Many students accustomed to sustainable energy, composting, reusing and reducing waste at home find it difficult to continue a sustainable lifestyle at college where convenience is key and living spaces are miniscule.
The zero waste movement is on the rise in the United States and many colleges across the country and abroad are taking sustainability more seriously. For example, the University of Northern British Columbia has estimated that the campus could cut down their solid waste output by 70 percent through reducing, reusing and composting. Their Prince George campus has particularly focused on paper and plastic products, disposable drink containers and compostable material in order to cut back on waste. John Brown University in Arkansas is another example of a campus pioneering efforts to go zero waste”
According to their website, “since July 2012, John Brown University’s main campus has been a zero landfill institution, a transition that is part of an overall sustainability strategy. John Brown University is believed to be the first university in Arkansas and Oklahoma to have a zero landfill campus…In addition to becoming a zero landfill campus, the university has implemented programs around campus to reduce the volume of usable energy and used material.”
JBU has focused on decreasing energy usage, reusing materials and compacting cafeteria and non-disposable waste.
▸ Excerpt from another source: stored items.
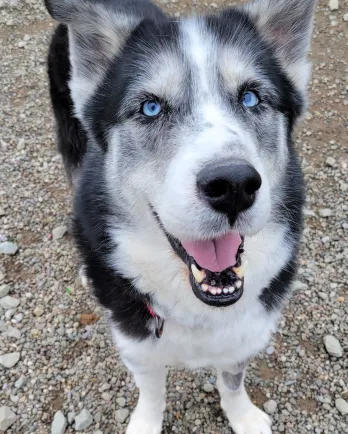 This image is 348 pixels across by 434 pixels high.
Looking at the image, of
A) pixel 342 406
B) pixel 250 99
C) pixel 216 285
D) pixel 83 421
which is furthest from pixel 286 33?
pixel 83 421

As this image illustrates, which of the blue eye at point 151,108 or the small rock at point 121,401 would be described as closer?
the blue eye at point 151,108

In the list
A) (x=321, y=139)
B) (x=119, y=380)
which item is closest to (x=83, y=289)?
(x=119, y=380)

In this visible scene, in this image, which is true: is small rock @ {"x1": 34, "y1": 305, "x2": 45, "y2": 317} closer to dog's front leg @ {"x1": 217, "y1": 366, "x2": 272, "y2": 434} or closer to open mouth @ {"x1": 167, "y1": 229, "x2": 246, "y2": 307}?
dog's front leg @ {"x1": 217, "y1": 366, "x2": 272, "y2": 434}

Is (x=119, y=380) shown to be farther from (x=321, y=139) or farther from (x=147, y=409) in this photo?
(x=321, y=139)

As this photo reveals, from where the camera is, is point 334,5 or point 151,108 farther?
point 334,5

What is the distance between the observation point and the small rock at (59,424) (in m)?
3.07

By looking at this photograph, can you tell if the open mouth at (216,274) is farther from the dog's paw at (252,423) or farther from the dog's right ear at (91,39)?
the dog's paw at (252,423)

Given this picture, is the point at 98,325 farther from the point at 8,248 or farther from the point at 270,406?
the point at 270,406

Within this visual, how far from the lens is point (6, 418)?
3111mm

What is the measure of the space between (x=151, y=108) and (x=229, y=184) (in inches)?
26.6

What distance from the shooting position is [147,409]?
299 cm

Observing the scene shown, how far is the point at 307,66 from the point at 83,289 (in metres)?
2.38

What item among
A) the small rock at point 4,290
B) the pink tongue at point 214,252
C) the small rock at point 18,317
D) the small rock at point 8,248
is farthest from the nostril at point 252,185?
the small rock at point 8,248

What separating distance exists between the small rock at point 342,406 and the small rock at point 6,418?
86.1 inches
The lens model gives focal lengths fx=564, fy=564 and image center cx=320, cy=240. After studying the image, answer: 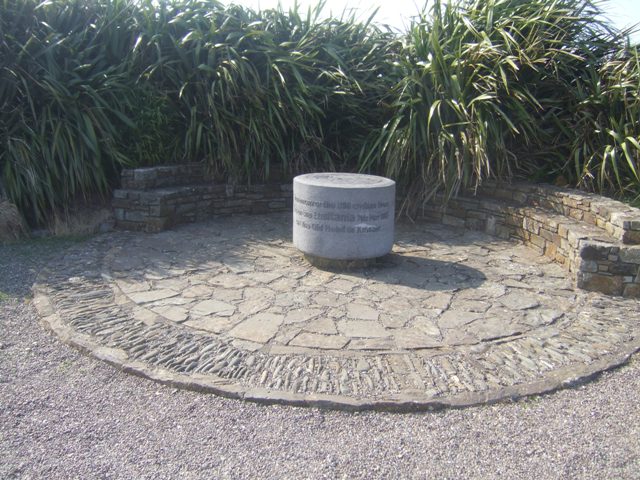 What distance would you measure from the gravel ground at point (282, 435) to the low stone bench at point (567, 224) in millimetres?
1432

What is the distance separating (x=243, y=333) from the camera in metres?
3.67

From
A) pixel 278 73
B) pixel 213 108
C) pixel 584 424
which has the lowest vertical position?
pixel 584 424

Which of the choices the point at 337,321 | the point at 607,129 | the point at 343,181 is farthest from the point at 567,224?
the point at 337,321

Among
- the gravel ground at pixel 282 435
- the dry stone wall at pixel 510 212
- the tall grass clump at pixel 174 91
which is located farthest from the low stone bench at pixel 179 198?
the gravel ground at pixel 282 435

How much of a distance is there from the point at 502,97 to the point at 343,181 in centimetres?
226

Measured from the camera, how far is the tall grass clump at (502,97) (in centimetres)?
586

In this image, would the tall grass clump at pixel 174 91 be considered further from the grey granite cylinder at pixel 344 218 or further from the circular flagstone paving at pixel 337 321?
the grey granite cylinder at pixel 344 218

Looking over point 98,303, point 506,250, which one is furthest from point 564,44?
point 98,303

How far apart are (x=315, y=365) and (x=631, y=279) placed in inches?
109

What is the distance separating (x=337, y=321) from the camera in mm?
3898

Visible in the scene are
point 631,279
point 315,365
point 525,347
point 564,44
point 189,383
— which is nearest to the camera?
point 189,383

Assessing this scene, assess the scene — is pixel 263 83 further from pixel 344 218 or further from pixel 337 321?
pixel 337 321

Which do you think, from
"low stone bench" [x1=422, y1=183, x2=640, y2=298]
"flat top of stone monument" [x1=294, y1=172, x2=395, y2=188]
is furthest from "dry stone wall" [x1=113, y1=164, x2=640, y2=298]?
"flat top of stone monument" [x1=294, y1=172, x2=395, y2=188]

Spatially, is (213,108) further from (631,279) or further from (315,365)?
(631,279) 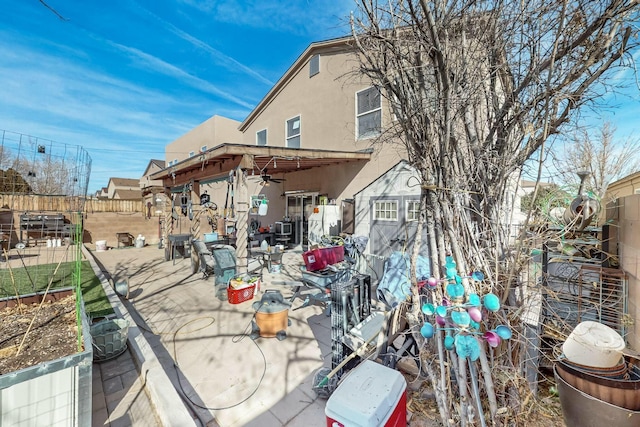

Although becoming a zero landfill institution takes time and campus-wide effort, there are steps Northwestern students can individually take to lessen their environmental impact and spearhead sustainability.
First, students can intentionally recycle more often. There are recycling receptacles in every building across campus for paper, plastic and cardboard waste. There are also convenient receptacles right by the mail room for packaging waste. Also nearby the mailroom is a receptacle to dispose of electronics so they can be responsibly discarded. Keeping a recycling bin in dorm rooms and apartments is also a great way to recycle on a daily basis. Textbooks that can’t be bought back at the end of the semester can go into the large cardboard containers around campus so they can also be responsibly disposed of or donated.
Second, students should aim to reduce the amount of single-use items they consume. Many students already avoid using the plastic lids and straws at the Hub, and several academic departments encourage students to use their own mugs for coffee and tea. Bringing a to-go mug to Common Grounds for coffee is another way to reduce single-use cups. While grocery shopping, students can bring reusable bags or opt for paper bags instead. If they must use plastic bags, reusing those bags as many times as possible is a great way to reduce waste. Opting for reusable materials over disposable ones is another way to reduce waste and the impact the campus has on landfills. For example, students can swap disposable plates and silverware for real plates and silverware without spending a lot of money. Many students have also swapped plastic toothbrushes for biodegradable bamboo-handled toothbrushes, which is another thrifty and sustainable swap for a greener future.
Third, students can consciously conserve energy in many ways. Turning lights off when leaving a room, keeping thermostats low and unplugging small appliances when not in use are small steps towards a more sustainable lifestyle.
Building a sustainable campus requires everyone taking small steps to cleaner energy and waste reduction. It doesn’t take a lot of money to make small changes in conservation and protect the earth.